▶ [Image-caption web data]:
►
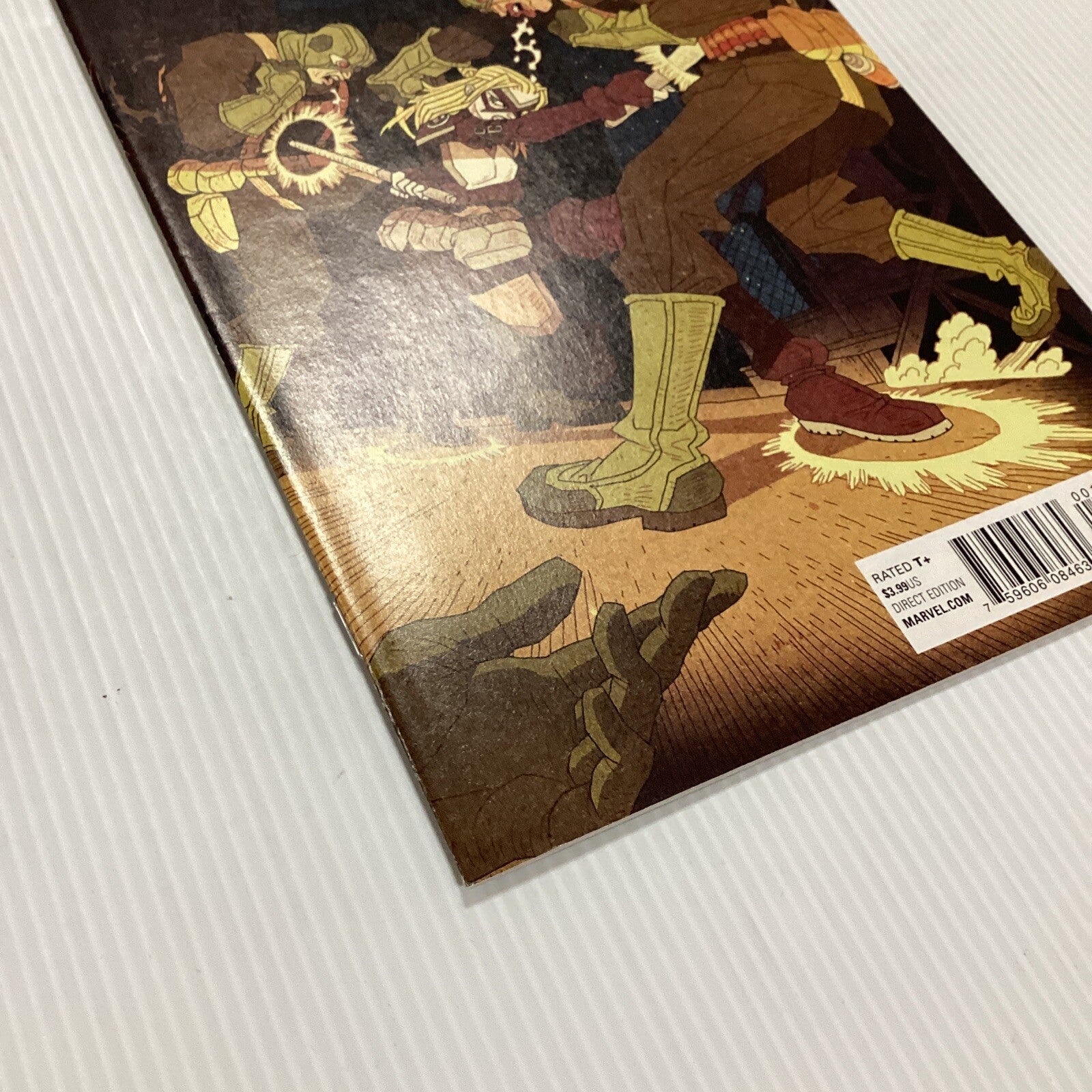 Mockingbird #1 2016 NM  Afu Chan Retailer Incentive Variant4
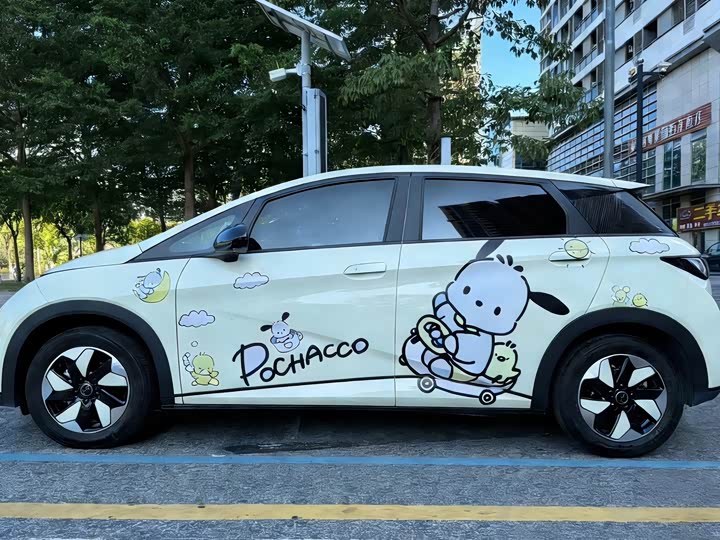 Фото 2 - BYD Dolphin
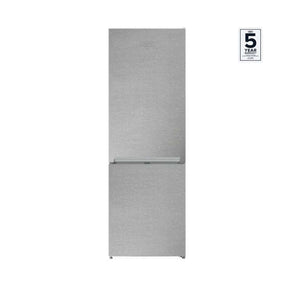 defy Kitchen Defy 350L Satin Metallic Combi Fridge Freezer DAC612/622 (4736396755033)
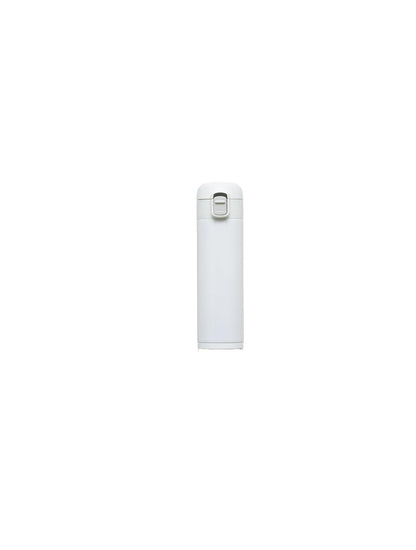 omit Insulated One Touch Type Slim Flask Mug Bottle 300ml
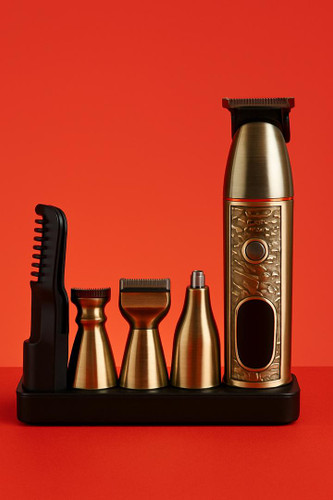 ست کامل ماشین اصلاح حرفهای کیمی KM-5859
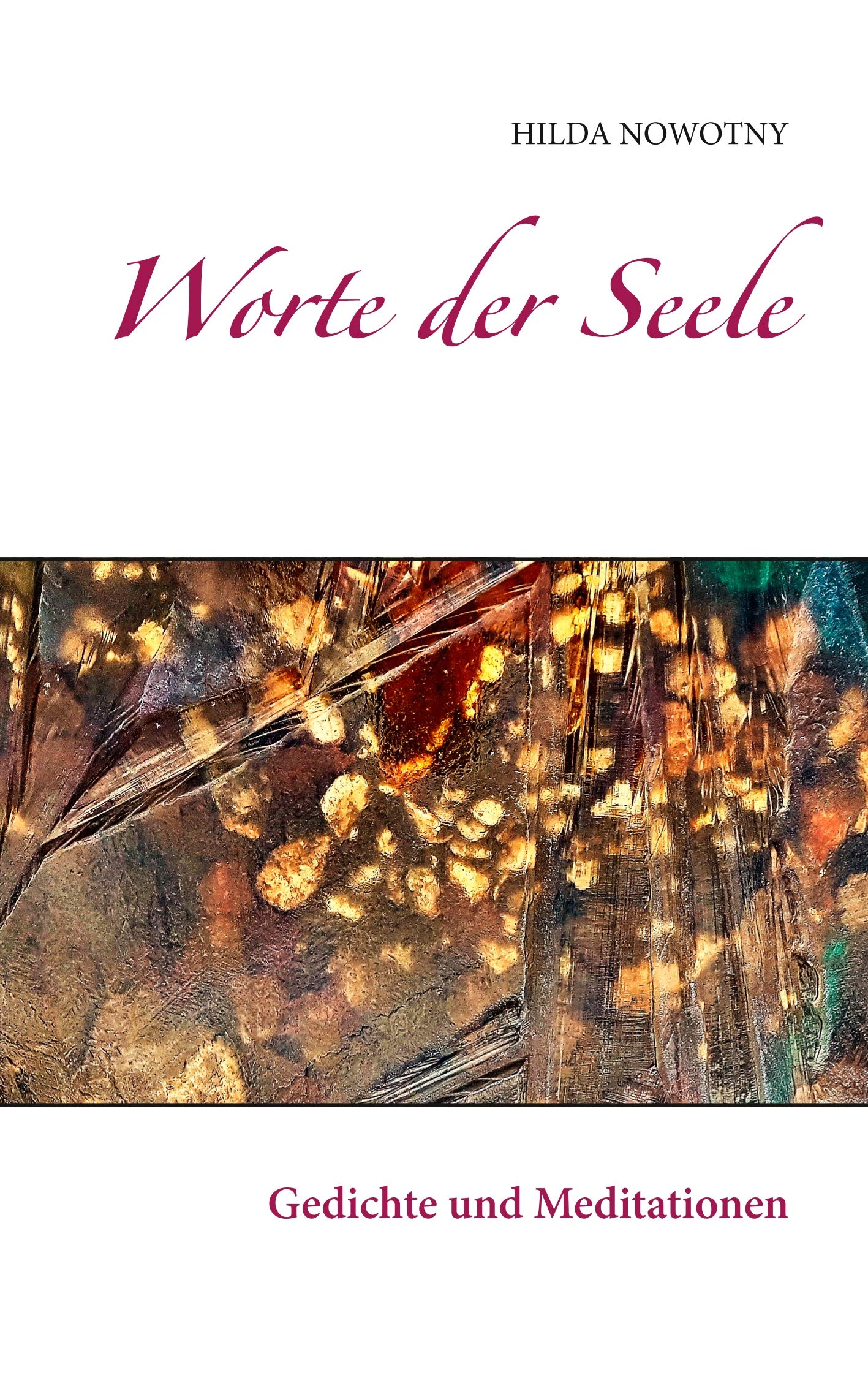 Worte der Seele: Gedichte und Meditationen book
◄
▶ [ASSIGNED TASK]:
Repeat each line of the records exactly, dropping the pictures.

▶ [TASK RESPONSE]:
 Mockingbird #1 2016 NM  Afu Chan Retailer Incentive Variant4
 Фото 2 - BYD Dolphin
 defy Kitchen Defy 350L Satin Metallic Combi Fridge Freezer DAC612/622 (4736396755033)
 omit Insulated One Touch Type Slim Flask Mug Bottle 300ml
 ست کامل ماشین اصلاح حرفهای کیمی KM-5859
 Worte der Seele: Gedichte und Meditationen book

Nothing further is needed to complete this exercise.